═══ Data ═══
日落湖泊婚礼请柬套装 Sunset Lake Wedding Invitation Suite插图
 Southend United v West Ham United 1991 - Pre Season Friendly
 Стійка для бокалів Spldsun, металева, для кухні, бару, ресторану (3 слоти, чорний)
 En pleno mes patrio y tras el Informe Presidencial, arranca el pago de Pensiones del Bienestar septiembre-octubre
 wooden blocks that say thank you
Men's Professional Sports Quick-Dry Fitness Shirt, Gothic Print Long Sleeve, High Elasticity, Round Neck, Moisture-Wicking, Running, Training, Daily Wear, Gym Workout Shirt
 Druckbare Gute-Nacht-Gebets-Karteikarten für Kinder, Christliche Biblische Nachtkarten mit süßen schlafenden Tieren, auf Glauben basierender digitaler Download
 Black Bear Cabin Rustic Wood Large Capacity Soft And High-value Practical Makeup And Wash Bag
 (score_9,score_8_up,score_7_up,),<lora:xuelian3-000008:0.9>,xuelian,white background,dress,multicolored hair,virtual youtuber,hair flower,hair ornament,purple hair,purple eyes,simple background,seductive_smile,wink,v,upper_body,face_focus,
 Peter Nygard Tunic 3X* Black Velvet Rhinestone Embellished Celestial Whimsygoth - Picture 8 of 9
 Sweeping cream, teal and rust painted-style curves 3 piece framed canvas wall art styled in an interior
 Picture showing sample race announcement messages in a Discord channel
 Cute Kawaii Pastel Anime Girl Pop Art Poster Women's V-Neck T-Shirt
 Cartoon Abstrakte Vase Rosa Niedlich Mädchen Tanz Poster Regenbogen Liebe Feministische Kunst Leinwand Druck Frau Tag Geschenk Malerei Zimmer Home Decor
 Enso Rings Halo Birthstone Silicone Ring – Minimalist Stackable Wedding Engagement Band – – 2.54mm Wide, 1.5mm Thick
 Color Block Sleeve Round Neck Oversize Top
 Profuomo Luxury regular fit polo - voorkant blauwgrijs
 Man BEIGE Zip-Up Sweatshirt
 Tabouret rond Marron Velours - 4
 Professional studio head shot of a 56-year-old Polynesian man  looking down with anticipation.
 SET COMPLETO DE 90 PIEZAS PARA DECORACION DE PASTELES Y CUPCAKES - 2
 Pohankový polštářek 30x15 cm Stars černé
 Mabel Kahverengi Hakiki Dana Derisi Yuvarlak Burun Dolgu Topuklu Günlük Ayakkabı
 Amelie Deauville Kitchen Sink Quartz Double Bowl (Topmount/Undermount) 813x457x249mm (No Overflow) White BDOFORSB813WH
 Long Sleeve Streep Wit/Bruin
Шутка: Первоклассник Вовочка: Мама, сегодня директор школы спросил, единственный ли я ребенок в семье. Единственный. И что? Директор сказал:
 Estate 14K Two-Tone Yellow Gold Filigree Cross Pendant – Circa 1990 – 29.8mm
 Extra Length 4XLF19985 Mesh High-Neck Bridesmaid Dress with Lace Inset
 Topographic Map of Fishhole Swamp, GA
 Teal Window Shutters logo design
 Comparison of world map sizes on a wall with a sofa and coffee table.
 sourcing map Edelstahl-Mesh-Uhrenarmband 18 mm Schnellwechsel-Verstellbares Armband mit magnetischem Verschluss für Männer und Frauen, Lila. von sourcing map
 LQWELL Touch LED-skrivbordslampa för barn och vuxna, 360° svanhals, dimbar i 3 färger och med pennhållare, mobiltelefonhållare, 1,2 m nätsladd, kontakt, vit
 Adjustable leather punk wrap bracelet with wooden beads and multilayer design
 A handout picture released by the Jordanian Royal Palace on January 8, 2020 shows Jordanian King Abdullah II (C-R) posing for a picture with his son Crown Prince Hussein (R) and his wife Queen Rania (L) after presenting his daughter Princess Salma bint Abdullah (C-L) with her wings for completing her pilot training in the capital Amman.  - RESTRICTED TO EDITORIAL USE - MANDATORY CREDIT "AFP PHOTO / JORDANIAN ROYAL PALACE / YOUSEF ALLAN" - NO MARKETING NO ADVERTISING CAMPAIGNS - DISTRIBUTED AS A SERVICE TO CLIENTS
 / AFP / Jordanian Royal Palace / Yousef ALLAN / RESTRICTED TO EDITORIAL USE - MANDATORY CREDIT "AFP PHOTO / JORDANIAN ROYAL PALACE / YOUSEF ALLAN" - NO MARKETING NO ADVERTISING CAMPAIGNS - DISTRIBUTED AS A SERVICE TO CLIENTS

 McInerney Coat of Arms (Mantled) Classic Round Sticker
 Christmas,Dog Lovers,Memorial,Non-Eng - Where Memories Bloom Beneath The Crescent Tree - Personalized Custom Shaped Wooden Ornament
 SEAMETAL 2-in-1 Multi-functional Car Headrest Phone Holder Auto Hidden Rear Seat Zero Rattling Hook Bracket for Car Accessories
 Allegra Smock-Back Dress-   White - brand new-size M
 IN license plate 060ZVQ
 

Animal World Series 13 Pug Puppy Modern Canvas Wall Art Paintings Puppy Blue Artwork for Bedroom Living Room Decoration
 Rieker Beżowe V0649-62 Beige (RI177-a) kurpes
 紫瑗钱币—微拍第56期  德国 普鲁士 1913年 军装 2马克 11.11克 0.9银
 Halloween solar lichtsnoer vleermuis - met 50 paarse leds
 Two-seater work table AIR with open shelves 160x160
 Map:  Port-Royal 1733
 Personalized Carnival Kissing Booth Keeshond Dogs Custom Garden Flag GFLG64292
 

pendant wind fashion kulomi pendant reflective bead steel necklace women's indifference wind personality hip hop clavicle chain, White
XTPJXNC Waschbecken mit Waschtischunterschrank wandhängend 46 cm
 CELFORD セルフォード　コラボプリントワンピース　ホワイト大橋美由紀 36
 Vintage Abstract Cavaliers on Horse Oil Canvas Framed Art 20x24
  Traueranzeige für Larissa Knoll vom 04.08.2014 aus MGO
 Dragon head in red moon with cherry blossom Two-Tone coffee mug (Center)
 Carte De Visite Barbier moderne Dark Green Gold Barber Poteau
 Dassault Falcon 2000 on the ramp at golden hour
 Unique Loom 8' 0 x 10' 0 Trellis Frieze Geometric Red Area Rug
═══
* Task directions:
Each record needs to be given again exactly.

* Response to this exercise:
日落湖泊婚礼请柬套装 Sunset Lake Wedding Invitation Suite插图
 Southend United v West Ham United 1991 - Pre Season Friendly
 Стійка для бокалів Spldsun, металева, для кухні, бару, ресторану (3 слоти, чорний)
 En pleno mes patrio y tras el Informe Presidencial, arranca el pago de Pensiones del Bienestar septiembre-octubre
 wooden blocks that say thank you
Men's Professional Sports Quick-Dry Fitness Shirt, Gothic Print Long Sleeve, High Elasticity, Round Neck, Moisture-Wicking, Running, Training, Daily Wear, Gym Workout Shirt
 Druckbare Gute-Nacht-Gebets-Karteikarten für Kinder, Christliche Biblische Nachtkarten mit süßen schlafenden Tieren, auf Glauben basierender digitaler Download
 Black Bear Cabin Rustic Wood Large Capacity Soft And High-value Practical Makeup And Wash Bag
 (score_9,score_8_up,score_7_up,),<lora:xuelian3-000008:0.9>,xuelian,white background,dress,multicolored hair,virtual youtuber,hair flower,hair ornament,purple hair,purple eyes,simple background,seductive_smile,wink,v,upper_body,face_focus,
 Peter Nygard Tunic 3X* Black Velvet Rhinestone Embellished Celestial Whimsygoth - Picture 8 of 9
 Sweeping cream, teal and rust painted-style curves 3 piece framed canvas wall art styled in an interior
 Picture showing sample race announcement messages in a Discord channel
 Cute Kawaii Pastel Anime Girl Pop Art Poster Women's V-Neck T-Shirt
 Cartoon Abstrakte Vase Rosa Niedlich Mädchen Tanz Poster Regenbogen Liebe Feministische Kunst Leinwand Druck Frau Tag Geschenk Malerei Zimmer Home Decor
 Enso Rings Halo Birthstone Silicone Ring – Minimalist Stackable Wedding Engagement Band – – 2.54mm Wide, 1.5mm Thick
 Color Block Sleeve Round Neck Oversize Top
 Profuomo Luxury regular fit polo - voorkant blauwgrijs
 Man BEIGE Zip-Up Sweatshirt
 Tabouret rond Marron Velours - 4
 Professional studio head shot of a 56-year-old Polynesian man  looking down with anticipation.
 SET COMPLETO DE 90 PIEZAS PARA DECORACION DE PASTELES Y CUPCAKES - 2
 Pohankový polštářek 30x15 cm Stars černé
 Mabel Kahverengi Hakiki Dana Derisi Yuvarlak Burun Dolgu Topuklu Günlük Ayakkabı
 Amelie Deauville Kitchen Sink Quartz Double Bowl (Topmount/Undermount) 813x457x249mm (No Overflow) White BDOFORSB813WH
 Long Sleeve Streep Wit/Bruin
Шутка: Первоклассник Вовочка: Мама, сегодня директор школы спросил, единственный ли я ребенок в семье. Единственный. И что? Директор сказал:
 Estate 14K Two-Tone Yellow Gold Filigree Cross Pendant – Circa 1990 – 29.8mm
 Extra Length 4XLF19985 Mesh High-Neck Bridesmaid Dress with Lace Inset
 Topographic Map of Fishhole Swamp, GA
 Teal Window Shutters logo design
 Comparison of world map sizes on a wall with a sofa and coffee table.
 sourcing map Edelstahl-Mesh-Uhrenarmband 18 mm Schnellwechsel-Verstellbares Armband mit magnetischem Verschluss für Männer und Frauen, Lila. von sourcing map
 LQWELL Touch LED-skrivbordslampa för barn och vuxna, 360° svanhals, dimbar i 3 färger och med pennhållare, mobiltelefonhållare, 1,2 m nätsladd, kontakt, vit
 Adjustable leather punk wrap bracelet with wooden beads and multilayer design
 A handout picture released by the Jordanian Royal Palace on January 8, 2020 shows Jordanian King Abdullah II (C-R) posing for a picture with his son Crown Prince Hussein (R) and his wife Queen Rania (L) after presenting his daughter Princess Salma bint Abdullah (C-L) with her wings for completing her pilot training in the capital Amman.  - RESTRICTED TO EDITORIAL USE - MANDATORY CREDIT "AFP PHOTO / JORDANIAN ROYAL PALACE / YOUSEF ALLAN" - NO MARKETING NO ADVERTISING CAMPAIGNS - DISTRIBUTED AS A SERVICE TO CLIENTS
 / AFP / Jordanian Royal Palace / Yousef ALLAN / RESTRICTED TO EDITORIAL USE - MANDATORY CREDIT "AFP PHOTO / JORDANIAN ROYAL PALACE / YOUSEF ALLAN" - NO MARKETING NO ADVERTISING CAMPAIGNS - DISTRIBUTED AS A SERVICE TO CLIENTS

 McInerney Coat of Arms (Mantled) Classic Round Sticker
 Christmas,Dog Lovers,Memorial,Non-Eng - Where Memories Bloom Beneath The Crescent Tree - Personalized Custom Shaped Wooden Ornament
 SEAMETAL 2-in-1 Multi-functional Car Headrest Phone Holder Auto Hidden Rear Seat Zero Rattling Hook Bracket for Car Accessories
 Allegra Smock-Back Dress-   White - brand new-size M
 IN license plate 060ZVQ
 

Animal World Series 13 Pug Puppy Modern Canvas Wall Art Paintings Puppy Blue Artwork for Bedroom Living Room Decoration
 Rieker Beżowe V0649-62 Beige (RI177-a) kurpes
 紫瑗钱币—微拍第56期  德国 普鲁士 1913年 军装 2马克 11.11克 0.9银
 Halloween solar lichtsnoer vleermuis - met 50 paarse leds
 Two-seater work table AIR with open shelves 160x160
 Map:  Port-Royal 1733
 Personalized Carnival Kissing Booth Keeshond Dogs Custom Garden Flag GFLG64292
 

pendant wind fashion kulomi pendant reflective bead steel necklace women's indifference wind personality hip hop clavicle chain, White
XTPJXNC Waschbecken mit Waschtischunterschrank wandhängend 46 cm
 CELFORD セルフォード　コラボプリントワンピース　ホワイト大橋美由紀 36
 Vintage Abstract Cavaliers on Horse Oil Canvas Framed Art 20x24
  Traueranzeige für Larissa Knoll vom 04.08.2014 aus MGO
 Dragon head in red moon with cherry blossom Two-Tone coffee mug (Center)
 Carte De Visite Barbier moderne Dark Green Gold Barber Poteau
 Dassault Falcon 2000 on the ramp at golden hour
 Unique Loom 8' 0 x 10' 0 Trellis Frieze Geometric Red Area Rug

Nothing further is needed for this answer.